Cash is so cool, it even allows you to draft your balance and deposit into your bank account immediately! Amazing.

Enforcing Semantic Structure to Assist Behavioral Actions

In going from a visceral to a behavioral level, the software provides a seamless transition by applying a cultural constraint then applying a semantic constraint. Visually, there are no cues of this transition, unless you count the open screen lag before the calculator screen populates. Immediately, users can jump from their perception of what they are about to do, to specifying and interpreting those actions into a real-life transaction.

Diminishing Learned and Taught Helplessness

Unlike applications like Venmo, Cash does not require you to create a profile attached to a username. There is no news or social feed where friends gather to divulge.

It’s your profile, you can do what you want to with it. Nobody cares, because no one is looking at it.

The absence of a social media feed can alleviate the anxiety that some people face in sharing their information on-line. Going without a social feed, in this instance, does not render the application less relevant. While a social feed is an attribute that can result in positive psychological feedback for some users—that results in them coming back to use the app more often than other users—it can also be a disadvantage to another base of users.
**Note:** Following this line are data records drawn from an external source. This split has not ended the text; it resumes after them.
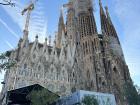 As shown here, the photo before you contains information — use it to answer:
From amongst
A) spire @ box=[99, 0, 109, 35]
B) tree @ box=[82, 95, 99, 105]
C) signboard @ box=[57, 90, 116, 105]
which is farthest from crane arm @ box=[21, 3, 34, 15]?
tree @ box=[82, 95, 99, 105]

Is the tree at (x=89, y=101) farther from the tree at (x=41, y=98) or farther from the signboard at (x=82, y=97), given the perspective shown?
the tree at (x=41, y=98)

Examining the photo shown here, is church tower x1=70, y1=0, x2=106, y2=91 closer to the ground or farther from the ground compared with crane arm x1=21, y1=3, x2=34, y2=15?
closer to the ground

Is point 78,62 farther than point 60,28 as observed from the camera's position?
No

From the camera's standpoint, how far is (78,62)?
51156mm

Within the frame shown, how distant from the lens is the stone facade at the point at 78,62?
41000mm

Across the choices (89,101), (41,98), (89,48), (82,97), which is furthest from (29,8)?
(89,101)

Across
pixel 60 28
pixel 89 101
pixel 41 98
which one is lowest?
pixel 89 101

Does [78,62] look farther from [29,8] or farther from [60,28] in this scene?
[29,8]

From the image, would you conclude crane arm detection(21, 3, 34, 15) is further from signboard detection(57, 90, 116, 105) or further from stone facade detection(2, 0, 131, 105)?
signboard detection(57, 90, 116, 105)

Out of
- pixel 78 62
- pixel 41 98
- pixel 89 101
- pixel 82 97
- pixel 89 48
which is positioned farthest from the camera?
pixel 89 48

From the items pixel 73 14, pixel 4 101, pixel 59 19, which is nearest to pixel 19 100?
pixel 4 101

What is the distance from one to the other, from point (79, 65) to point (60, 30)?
25.7 metres

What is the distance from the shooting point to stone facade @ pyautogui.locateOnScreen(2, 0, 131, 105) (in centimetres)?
4100

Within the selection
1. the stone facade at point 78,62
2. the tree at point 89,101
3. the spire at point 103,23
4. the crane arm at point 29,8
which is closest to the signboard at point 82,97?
the tree at point 89,101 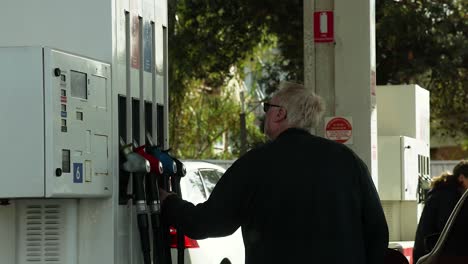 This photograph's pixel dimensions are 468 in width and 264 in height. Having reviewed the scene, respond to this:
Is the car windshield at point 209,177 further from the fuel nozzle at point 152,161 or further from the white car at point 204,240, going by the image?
the fuel nozzle at point 152,161

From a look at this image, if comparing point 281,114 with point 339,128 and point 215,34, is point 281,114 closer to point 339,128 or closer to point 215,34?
point 339,128

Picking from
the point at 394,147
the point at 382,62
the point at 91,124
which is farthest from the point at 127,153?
the point at 382,62

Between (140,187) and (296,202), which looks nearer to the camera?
(296,202)

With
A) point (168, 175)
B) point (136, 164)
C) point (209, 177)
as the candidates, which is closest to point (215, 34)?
point (209, 177)

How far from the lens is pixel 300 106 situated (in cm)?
616

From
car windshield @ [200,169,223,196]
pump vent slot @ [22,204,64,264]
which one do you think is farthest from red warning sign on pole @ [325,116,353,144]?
pump vent slot @ [22,204,64,264]

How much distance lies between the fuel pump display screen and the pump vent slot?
0.58 metres

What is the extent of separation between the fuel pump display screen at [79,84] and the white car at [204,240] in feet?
17.3

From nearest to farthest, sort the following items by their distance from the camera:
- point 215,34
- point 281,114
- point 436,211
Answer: point 281,114 → point 436,211 → point 215,34

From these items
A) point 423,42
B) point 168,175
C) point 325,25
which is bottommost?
point 168,175

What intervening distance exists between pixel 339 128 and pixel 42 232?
20.3 feet

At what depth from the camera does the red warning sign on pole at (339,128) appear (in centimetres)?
1177

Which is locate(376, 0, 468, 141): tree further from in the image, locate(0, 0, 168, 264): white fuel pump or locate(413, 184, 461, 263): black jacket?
locate(0, 0, 168, 264): white fuel pump

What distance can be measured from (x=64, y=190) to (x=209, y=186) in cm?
668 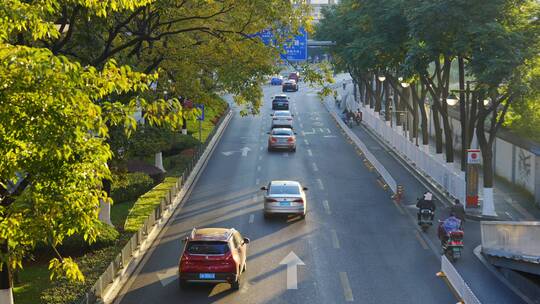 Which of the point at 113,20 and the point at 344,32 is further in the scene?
the point at 344,32

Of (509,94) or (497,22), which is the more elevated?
(497,22)

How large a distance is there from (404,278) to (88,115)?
13.2m

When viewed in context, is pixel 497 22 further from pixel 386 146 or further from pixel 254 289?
pixel 386 146

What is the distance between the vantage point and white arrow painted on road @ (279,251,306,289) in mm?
21670

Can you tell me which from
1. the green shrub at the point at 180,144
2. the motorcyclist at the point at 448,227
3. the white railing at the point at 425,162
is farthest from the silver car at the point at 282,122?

In fact, going without a social media feed that publishes your activity and exchange of money can help to alleviate and diminish the phenomenon of learned helplessness. Users don’t have to worry about publicly announcing their monetary exchanges. While the product already involves a form of mathematics, a phobia of some, the task at hand is clear, and users do not have to spend time and attention on other aspects that exacerbate phobias about using online software and publicly sharing information.

I believe this particularly important decision is an exercise of a favorable, cultural constraint to impose on users. Specifically, as a US consumer, I am not too keen on publicly sharing my purchases and other transactions that have a price tag assigned to them. Intuitively, I am able to use the app for two, sensitive instances: send and/or receive money. I don’t have to think about any other behavior. Thus, cultural constraints and conventions are satisfied, and I can focus on the flow and features of the software.

Recommendation: Upgrade to Reflect

Visually, the semantic constraints to only feature the amount paid or received, time-stamp and the name of the recipient or sender, makes all the info easy to digest. Users can process information quickly and effectively, so that we can discern between being paid, sending money, or cashing out. In this case, Cash decides that adding a description note is secondary information, unless you are the sender and remember to input a description before you send the money. On the other hand, it also adds an extra step, in attempting to determine, for example, when and why cashed out.

From left to right: the second screen shows your activity, but it isn’t very descriptive. Instead of users having to populate another screen, perhaps an option that shows a small description of the transaction would eliminate this step. See the farthest right screen for an example of what a one-liner descriptor would look like.

I suggest that Cash app incorporate a short descriptor in the activity feed, so that users avoid the additional step to secure that information. A simple application can become overwhelming when more screens are added to our mental mapping of the UI. Adding the suggested descriptor line to the activity feed will diminish the need to populate another screen. Users can jump into the window that displays each transaction details separately on their own accordance. This not only alleviates extra steps, but it also creates a simpler map for users who are not invested in the details.

Conclusion

Overall, the strategies that Cash uses in their interface fulfills the seven stages of action. As mentioned in the recommendations, allowing for alternative sequences can give the user more flexibility in their actions when moving between screens. Allotting control, where designers may have not given the user enough, can alleviate some of the frustration that comes with having a broad range of users.